▶ [WHAT IS REQUIRED]:
Up to and including the line with "John Galliano Jeans", restate every line of the records below word for word, from the first line on, leaving out the pictures.
┄┄┄┄┄┄┄┄┄┄┄┄┄┄┄┄┄┄┄┄
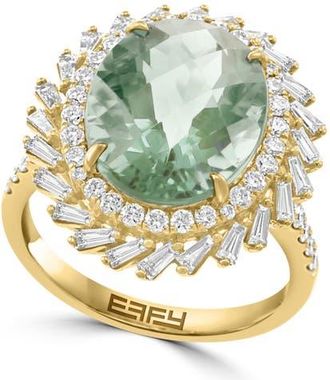 Effy 14K Yellow Gold Diamond & Green Amethyst Halo Statement Ring in 14K Gold at Nordstrom, Size 7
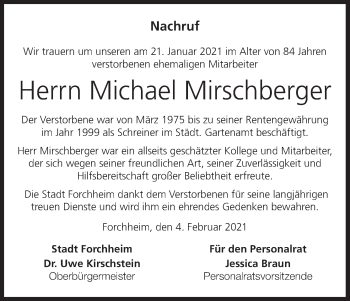 Anzeige von Michael Mirschberger von MGO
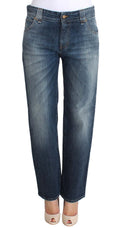 John Galliano Jeans aus Baumwoll-Stretch-Denim im Relaxed Fit mit Blaue Waschung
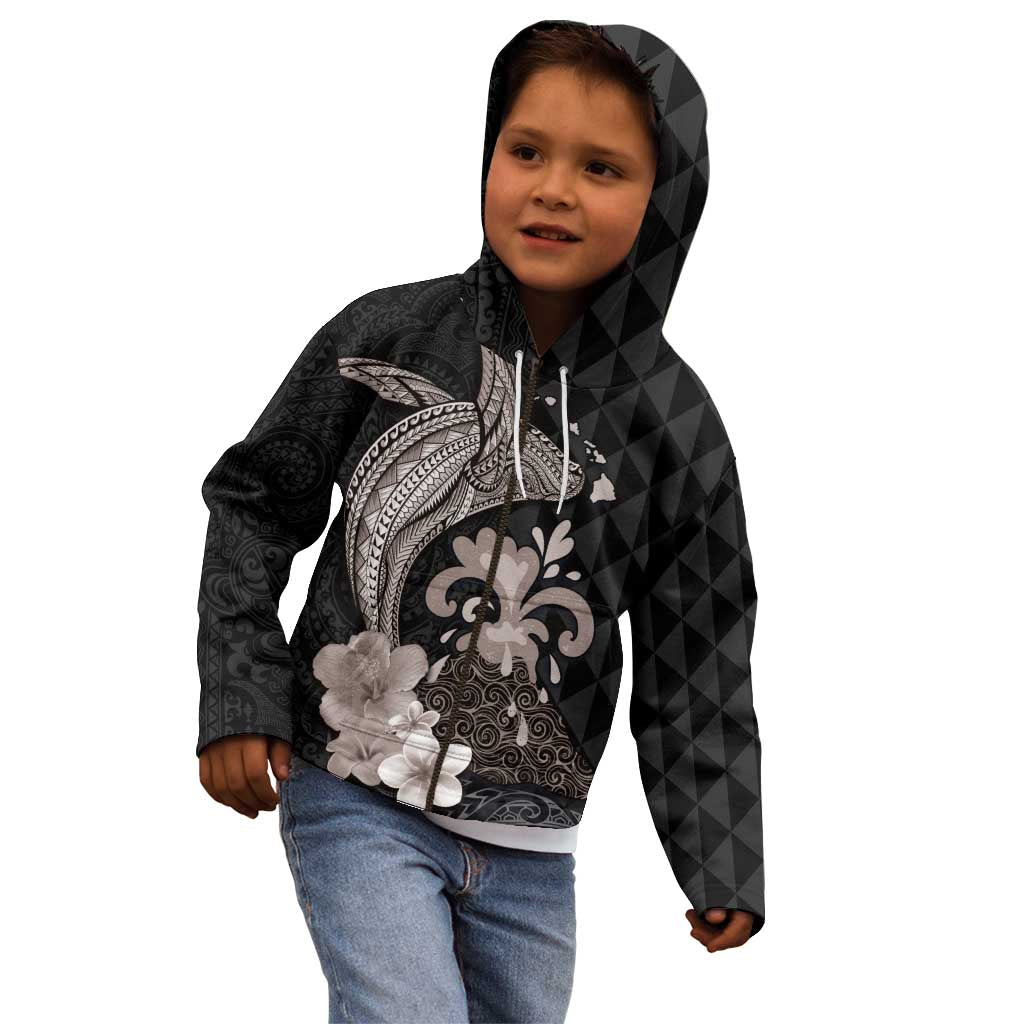 Hawaiian Whale and Volcanic Eruption Kid Hoodie Hibiscus and Kakau Pattern Grayscale Color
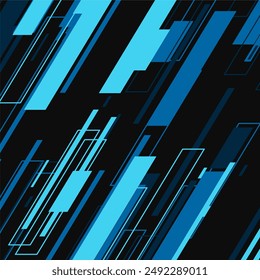 líneas azules modernas abstractas geométricas sobre fondo negro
┄┄┄┄┄┄┄┄┄┄┄┄┄┄┄┄┄┄┄┄
▶ [RESPONSE TO THIS EXERCISE]:
 Effy 14K Yellow Gold Diamond & Green Amethyst Halo Statement Ring in 14K Gold at Nordstrom, Size 7
 Anzeige von Michael Mirschberger von MGO
 John Galliano Jeans aus Baumwoll-Stretch-Denim im Relaxed Fit mit Blaue Waschung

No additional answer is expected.